Francisco’s use of the word “family” underscores a fact about graduate students that is often overlooked: many are separated from our families and childhood friends, and students from HOSST/TOSST/UNI-CV, who hail from sixteen different countries, are no exception. In fact, I am the only one out of the Dalhousie cohort whose family lives locally. For this reason, most of my fellow graduate students spend the larger part of their days in a solo pursuit of a hazy finish line on the far horizon, immersed in a specialized world far removed from all others.

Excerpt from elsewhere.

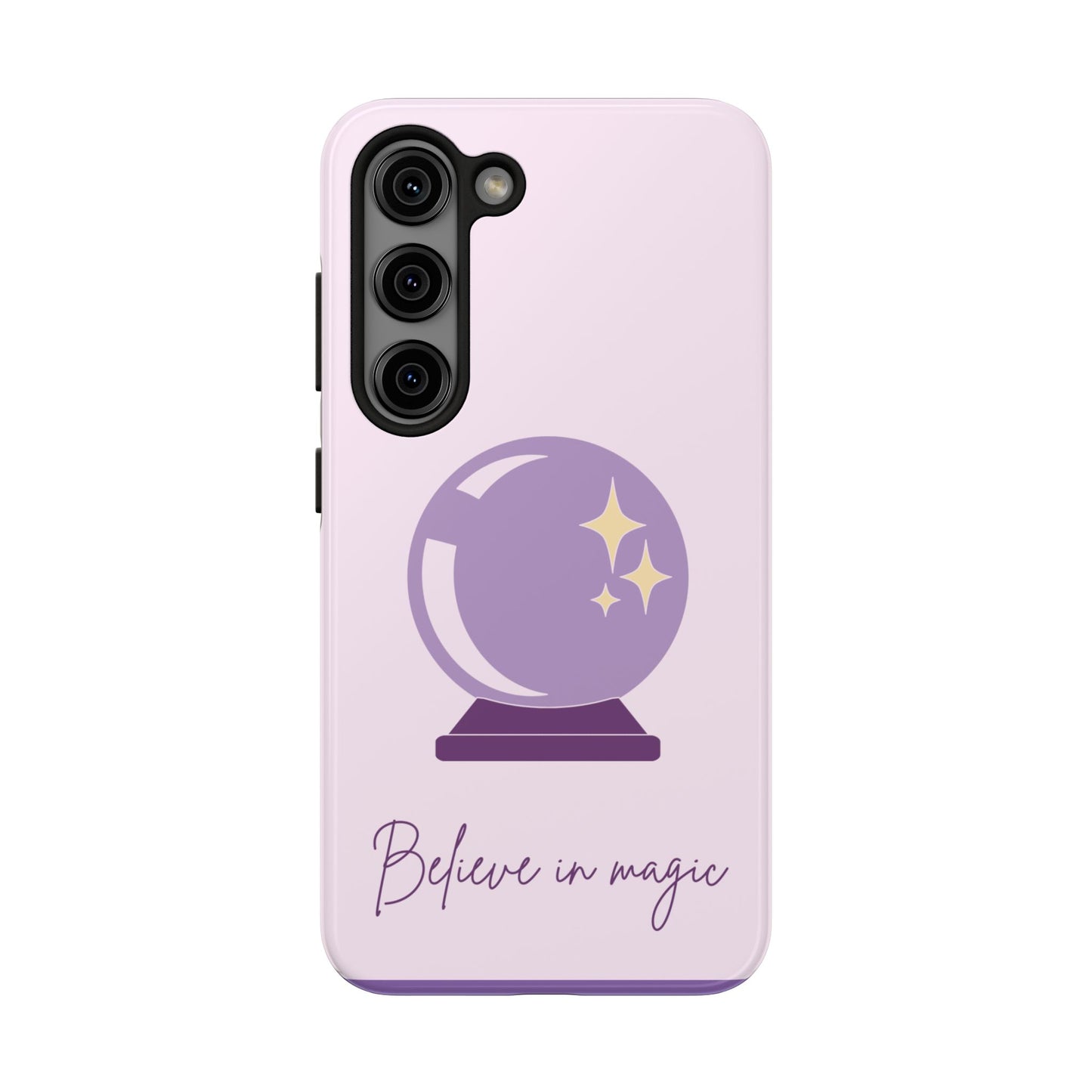 Magical Phone Case - Believe in Magic, Tough Phone Case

The Cabo Verdean approach to life, or morabeza, is much more relaxed and prioritizes relationships — whether they be between humans, animals, or the environment – that are often forgotten or neglected. This approach is, as we quickly came to realize, far healthier (although initially for many of us, perhaps, far more stressful) than the isolated, contained, and controlled environments that we slowly let go of.
Perhaps the best lesson we received on this subject was during an overnight trip to Fogo, a volcanic island whose most recent eruption in 2014/2015 destroyed three villages and forced the evacuation of thousands. At night, we escaped from the heat emanating from the floors of our hut, which were built on the hardened volcanic lava and too hot to stand on in bare feet, to its rooftop.
Lying under the stars on top of the funco, a traditional house constructed from volcanic rock, with Pico do Fogo looming darkly in the background, our discussions gradually transitioned with the coming of dawn from volcanology to human resilience when faced with the uncertainty of life, exemplified so well by the people of Fogo. What sleep we lost that night was more than compensated by the simple experience of sharing our thoughts and discovering common ground in what we thought were very different life stories.
One hundred and twenty years ago, Joshua Slocum decided to enrich his everyday life by thoroughly altering its pattern and embarking on a quest to circumnavigate the globe. It took him more than three years to finally complete the journey, which, incidentally, was the world’s first successful solo sailing expedition around the world. Overseas travel has come a long way since Slocum’s time: it is becoming increasingly rarer to find someone who hasn’t crossed an ocean or two in their lives for work, school, and/or vacation.
While technology has made it easier to build international networks and experience new cultures, it has also made human interaction optional. Even on a journey that necessitated an immense amount of solo travel, Slocum still managed to make more friends than most international travelers today, who, with a mobile device and a host of apps as travel companions and guides, rarely allow themselves the time or opportunity to simply spend time with strangers.
There is always a schedule or a timeline to meet – whether it is back-to-back business meetings, academic seminars, or jam-packed family holiday agendas, and there never seems to be enough time or money to do it all. Given these demands, how can one justify the time and expense of unstructured, unscheduled time in a foreign country with complete strangers?
I can’t give you quantitative data or even irrefutable arguments. I can only share with you the words of my Cabo Verdean “twin” Manu, which I think best capture this feeling: “To know that on the other side of the ocean, there is someone who understands you, who identifies much with what you think or do, is simply spectacular.”